Tuesday, February 02, 2016

We Can Fix It

No one wakes up in the morning hoping to read a story about how four teens from Norman North High School sexually assaulted two boys on a bus returning from a wrestling match.  It's shocking and deplorable and what's worse yet is the wrestling coach who was supposedly on the bus as well did nothing to stop the assault.  It forces us to ask just what in the heck has happened to us as a country or even as a community.  Where have we gone wrong?  

We are raising a generation of children wherein many have no code of honor, who have no sense of respect for human dignity, and are addicted to immediate gratification and we, as adults, we as the Church, have allowed it to happen right under our noses.  Look, there is no doubt that your humble Gorilla is the chief of all sinners and is the embodiment of Romans 3; I'm simply pointing out the fact that we are all responsible.

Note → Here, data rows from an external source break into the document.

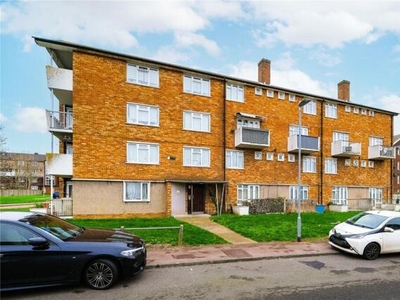 2 Bedroom Flat For Sale In Chadwell Heath, Romford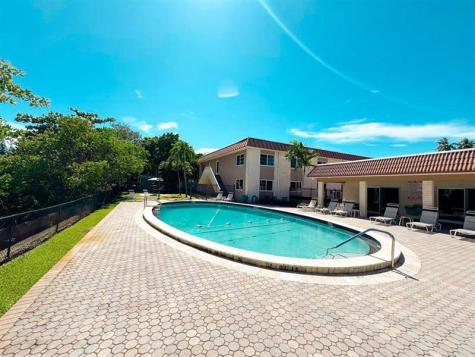 124 NE 19th Court Wilton Manors FL 33305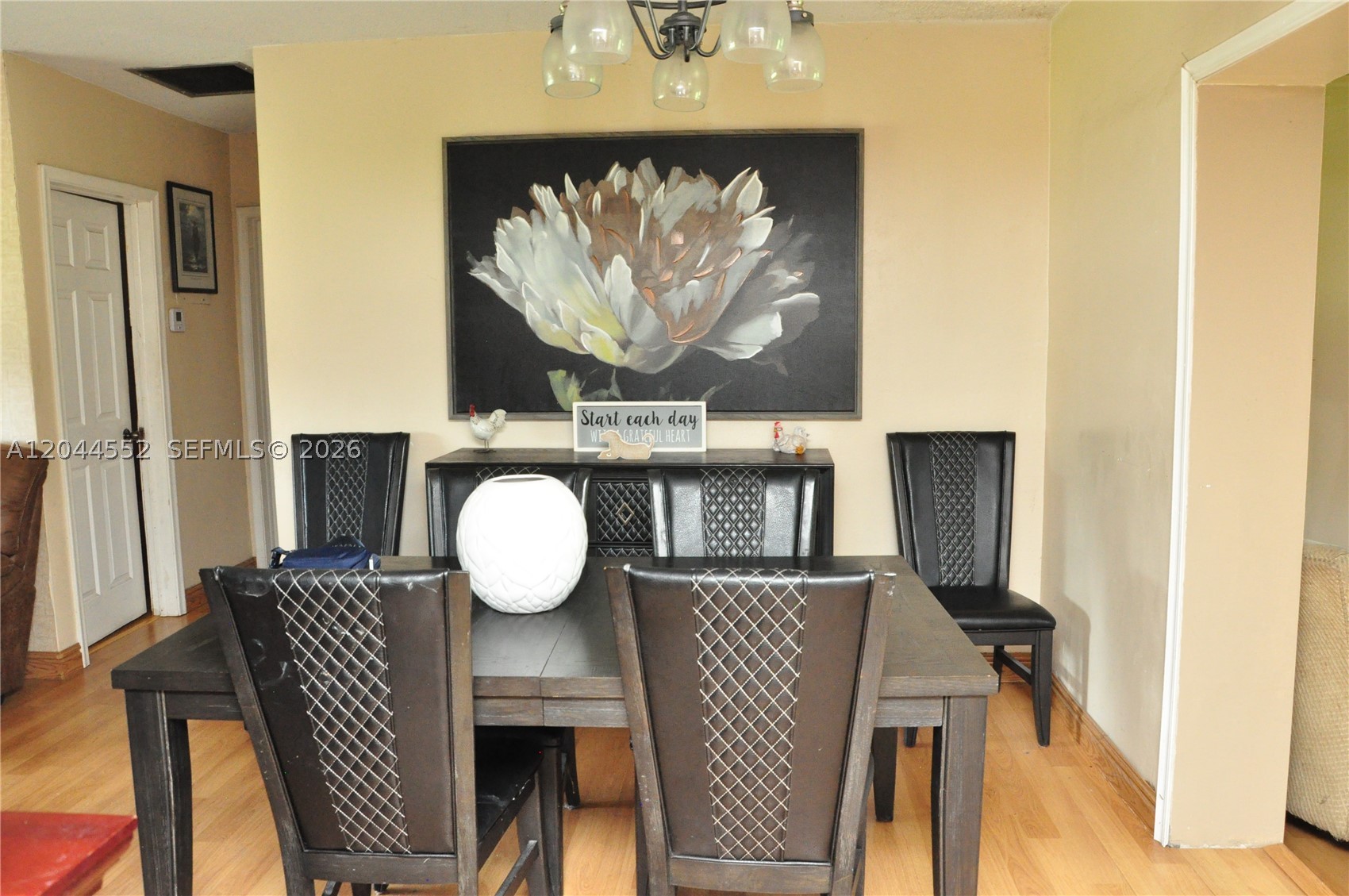 STIRLING LAKE - Residential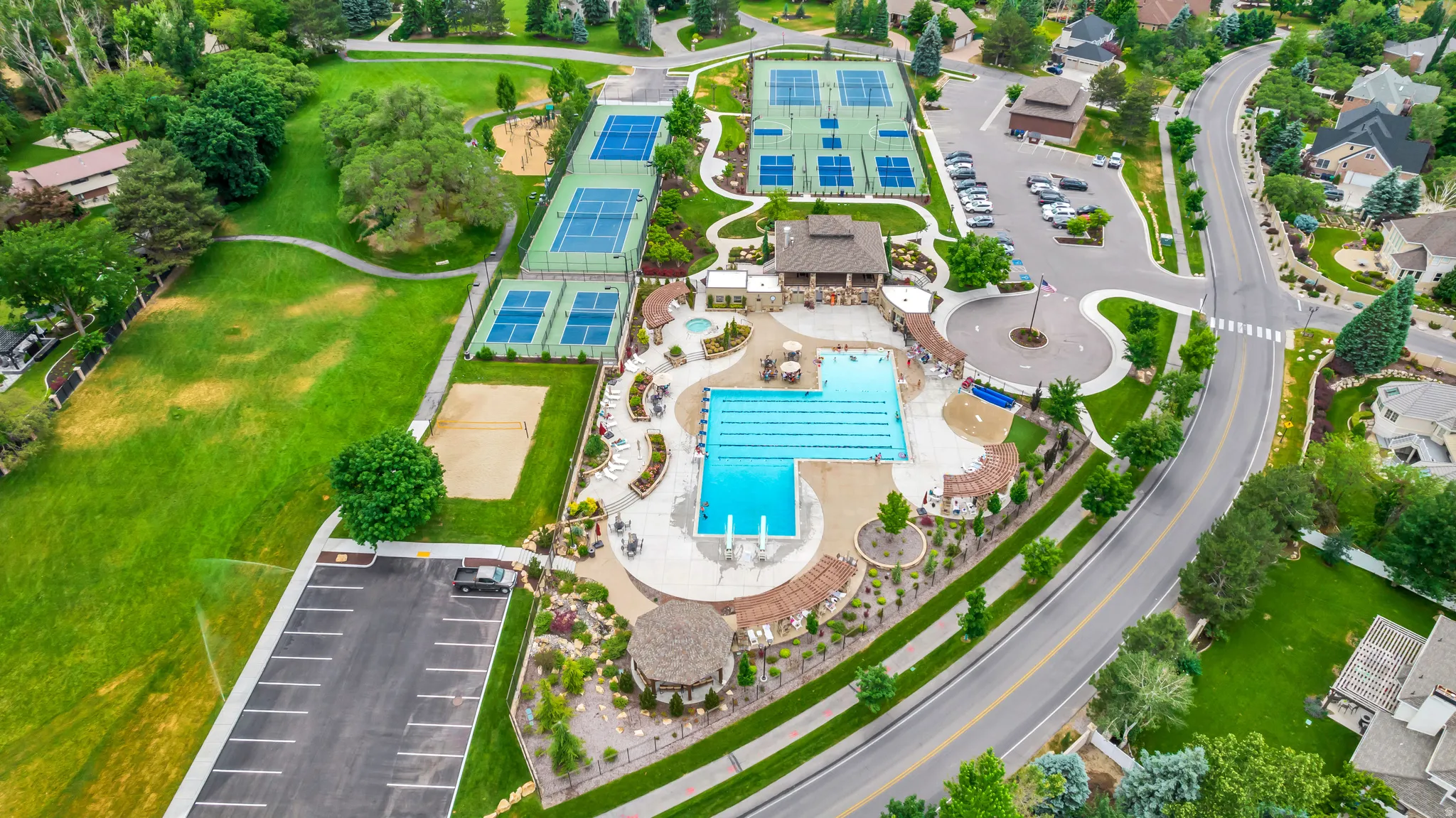 Bird's eye view of a pool area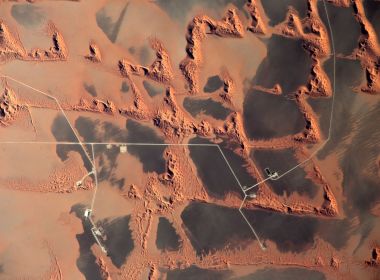 Cientistas descobrem indícios de lago com água líquida em Marte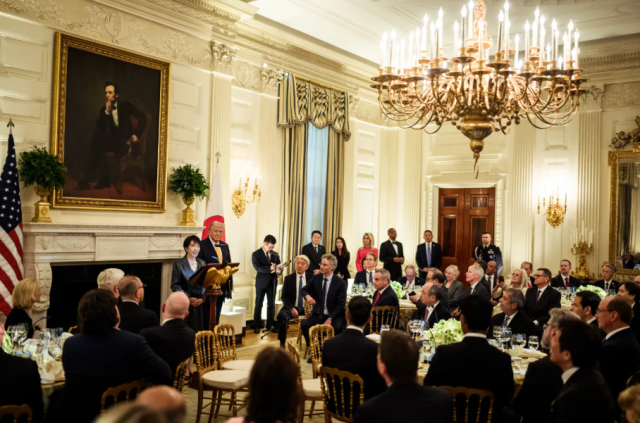 지난 19일현지시간 백악관에 있는 만찬장에서 공동 기자회견을 하고 있는 도널드 트럼프 미국 대통령과 다카이치 사나에 일본 총리사진백악관 홈페이지 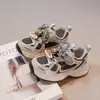 Zapatos Deportivos Infantiles 2026 Otoño Nuevo Modelo Zapatos Cómodos Transpirables Doble Malla para Niñas Zapatos Casuales de Moda para Niños Zapatos de Papá
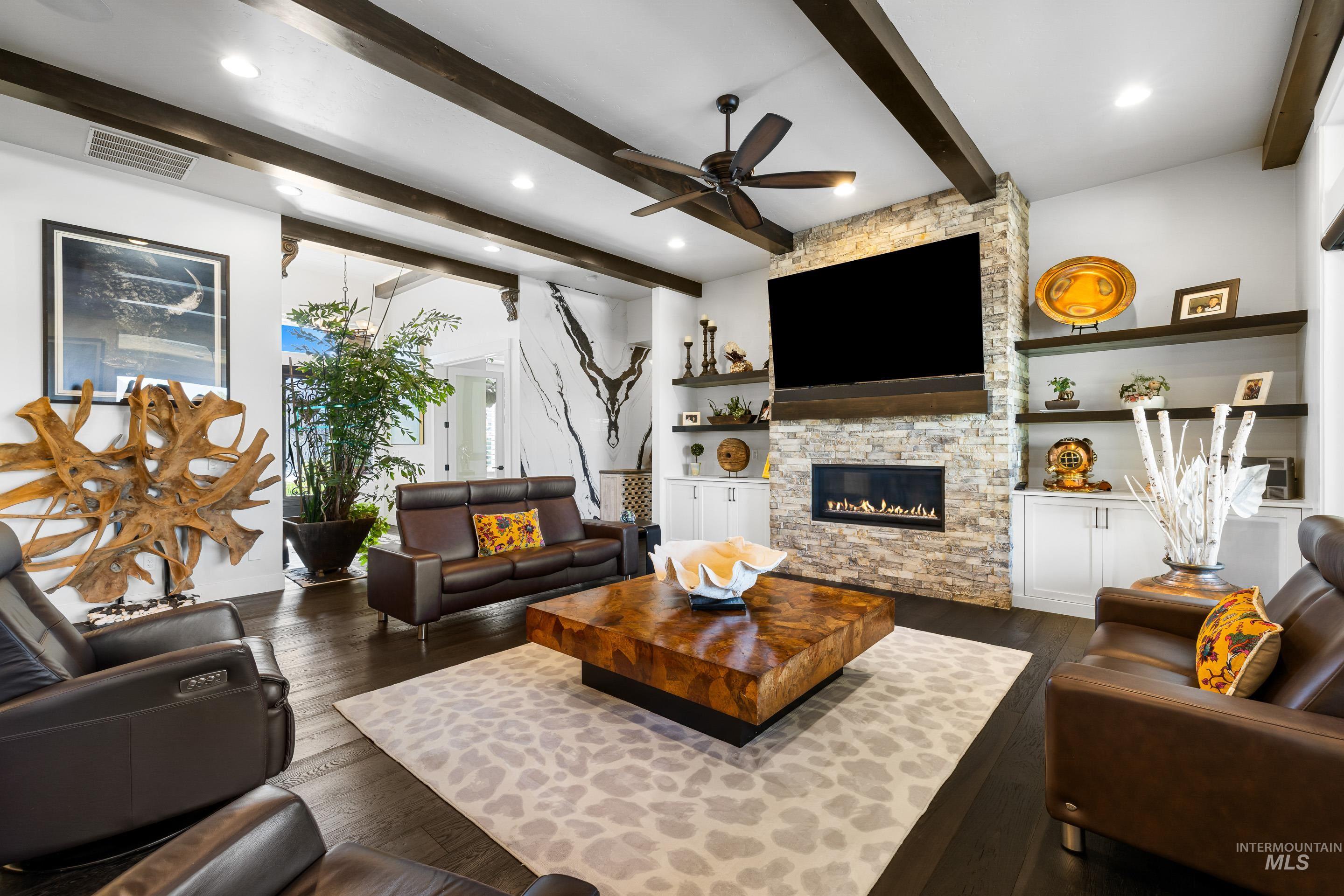 property viewer photo 9
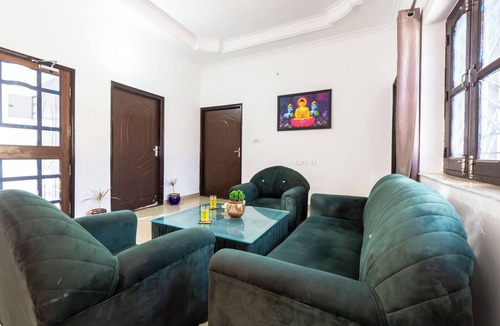 Bullawala House | Spacious 6-bedroom building in marvelous Dehradun with AC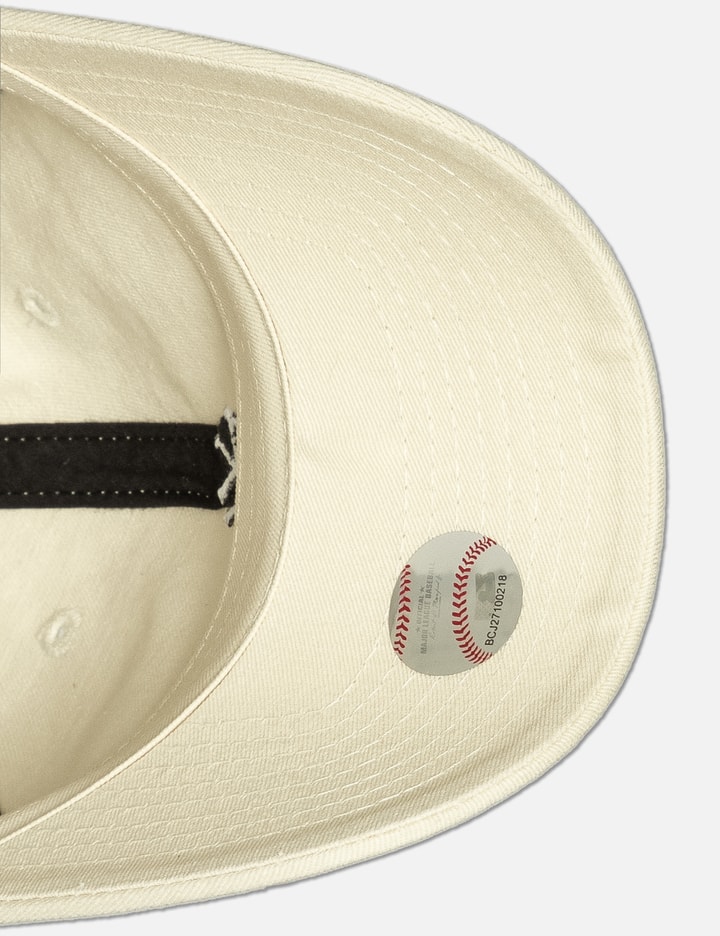 Shop New Era New York Yankees Essential Casual Classic Cap In Beige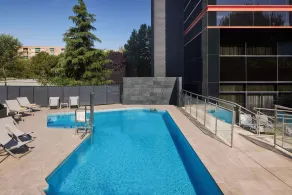 NH Madrid Ribera del Manzanares - Piscine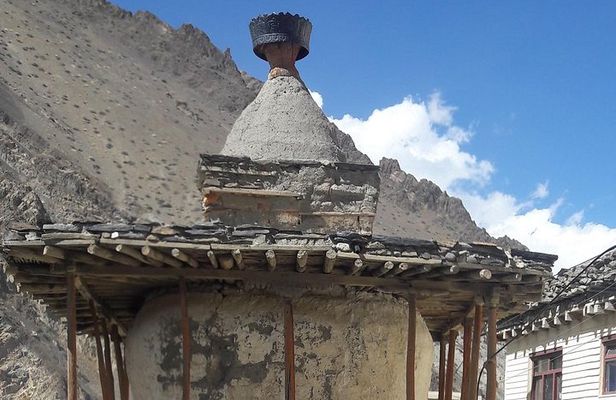Circle the Annapurna: A Life-Changing Trek Adventure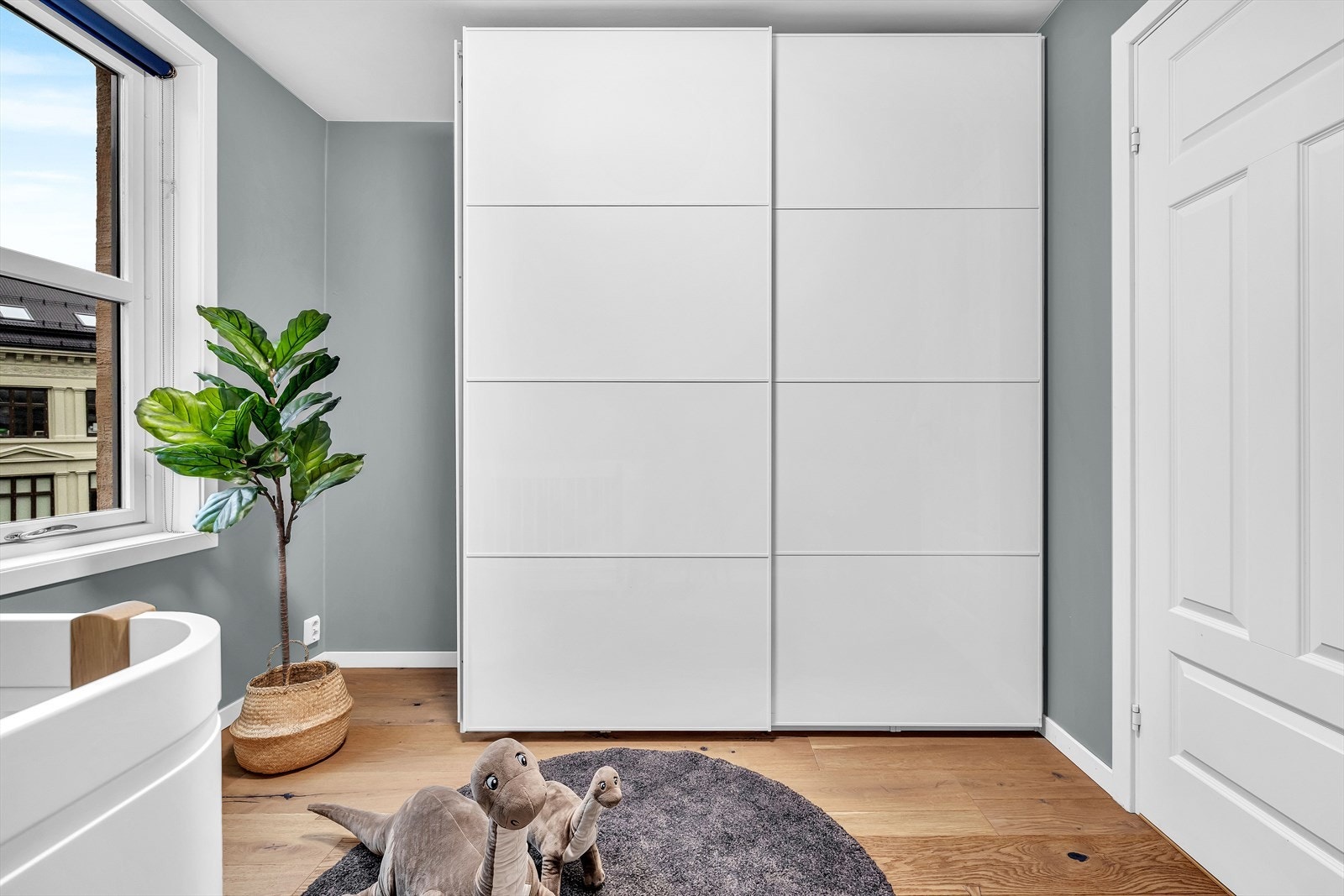 Godt med oppbevaringsplass på begge soverommene og i walk-in closet/bod i entréen. Galleribilde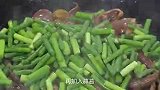 这是我家经常做的一道家常菜，清脆爽口，好吃又下饭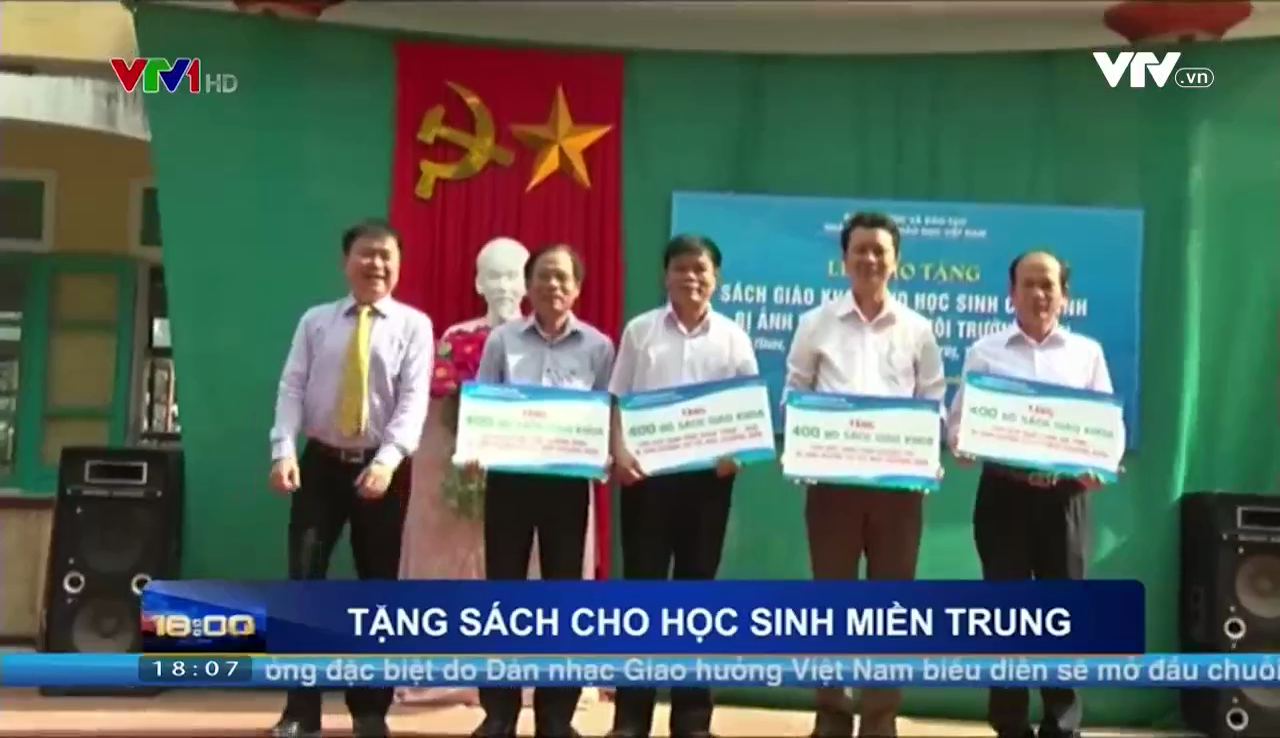 Nhà xuất bản Giáo dục Việt Nam trao tặng 1.600 bộ sách giáo khoa cho học sinh là con ngư dân 4 tỉnh miền trung bị ảnh hưởng sự cố môi trường biển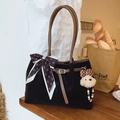 Schwarze Wildleder-Tote Bag mit braunen Ledergriffen, Seidenschal und Bärenanhänger - Tote Bag mit Großer Kapazität / Schwarz mit Anhänger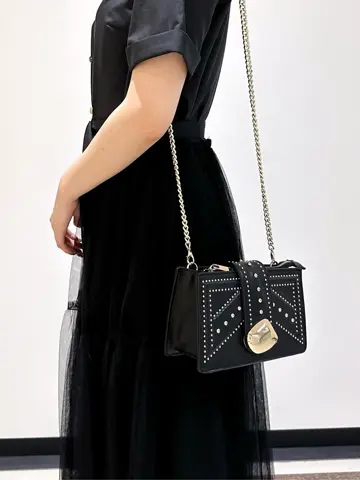 GRACE CONTINENTAL MORITA AI コーディネート画像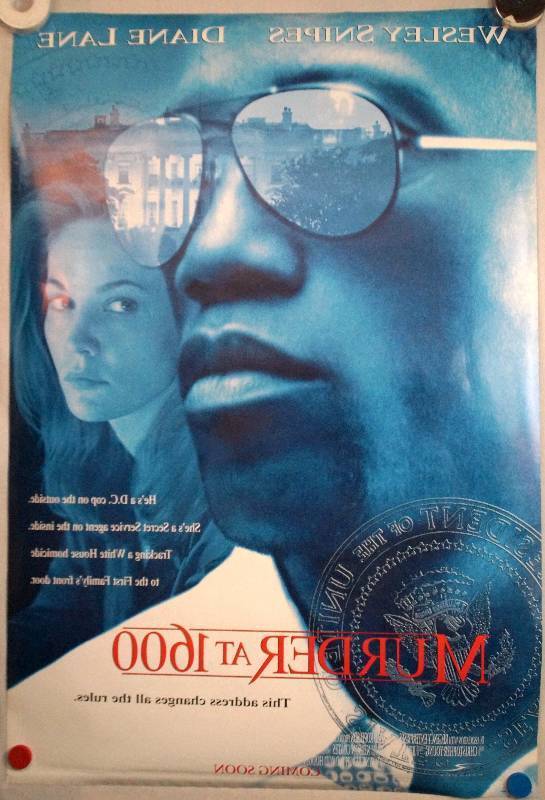 lot 13 image: Murder At 1600 (1997) Original Pre-Release Theater Lightbox Promo Poster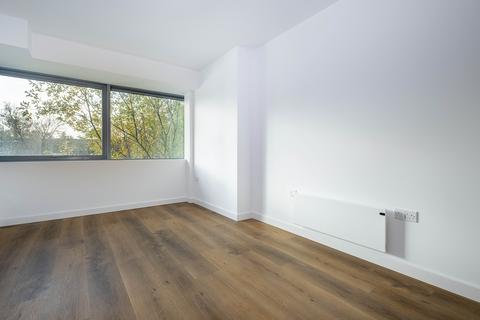 undefined, Lakeside Close, Staines Upon Thames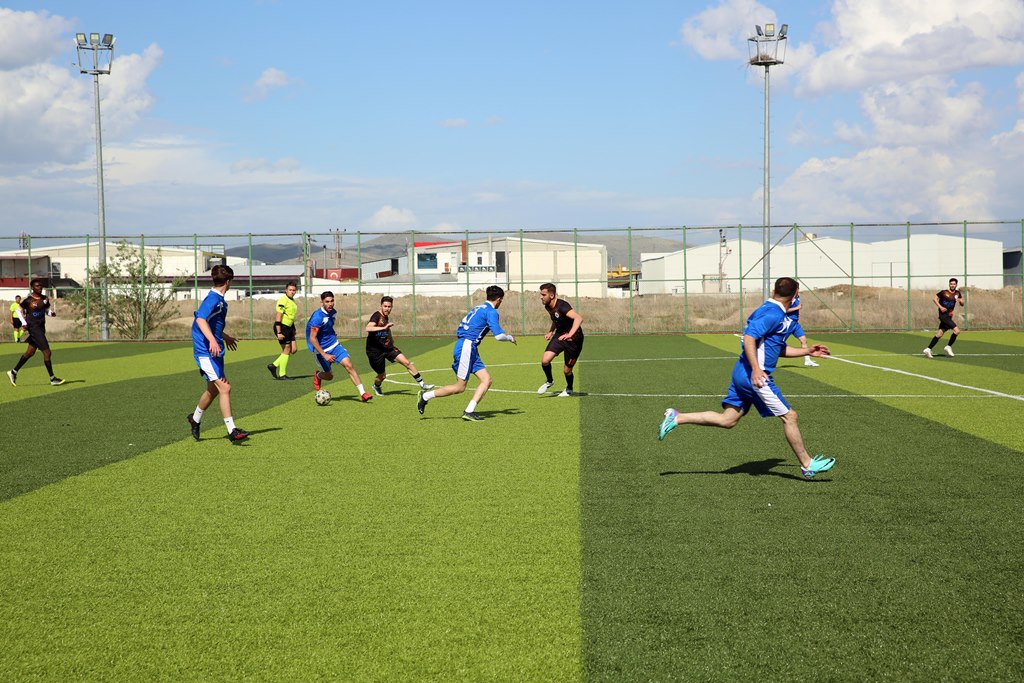2023-2024 EĞİTİM-ÖĞRETİM YILI SPOR OYUNLARI BAŞLADI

What really puzzles me is how the Church continues to grow numerically, but seems to be increasingly impotent to create change for the better in our neighborhoods.  It doesn't really make sense, does it?  Church youth groups are filled to overflowing in many megachurches but what is the aggregate result?  In Michael Scott Horton's book, "Putting Amazing Back Into Grace," he quotes philosopher Paul C. Payne who said:

"Today, the world doesn't take the Church seriously because today, the Church isn't serious."

Sadly, he's right.  The Church wants to project an image wherein their pastorate and staff look as though they are Abercrombie models wearing only the latest in fashion and following cultural trends.  It somehow makes them "more relevant" to the world when the world is waiting for the Church to start taking their mandates seriously.  When a church staff's average age is 35 years old and whose life experiences are limited to summer church camp and memorizing feel-good passages of Scripture, it's something that we need to fix and we can fix it.  We just have to have the testicular fortitude to speak the truth to these American Eagle Outfitters fashionistas who know more about Coldplay than they do orthodox theology.  

But I digress...

The Oklahoma legislature has their God Squad who have decided that this should be a proving ground for their brand of dominion theology and have usurped the role of the Church as a whole.  While claiming to be representative of the Church, they have decided that the new church will be Government itself.  These self-same legislators gnash their teeth and rend their clothing because the so-called liberals are using government to push their agenda, but isn't that what they themselves are doing?

The hypocrisy stacks up so fast around here that you need wings to rise above it.  We can fix this problem as well very easily.  We simply stop voting for these Pharisaical boobs and send them to their churches where they belong.  Maybe they can learn the honor and responsibility of the former office they held from that vantage point; but I predict it to be highly unlikely.

Speaking of honor and duty, today is the anniversary of the murder of United States Navy SEAL Chris Kyle and Chad Littlefield.  These are men who stood for something larger, something more important than themselves.  Each and every day while deployed, lives were put on the line to make the ultimate sacrifice if necessary so we can grow out churches, so we can spoil our children, so we can raise a generation of self-centered, petulant brats who not only don't know who Chris Kyle was nor do they know what a Navy SEAL does every day of their deployment.  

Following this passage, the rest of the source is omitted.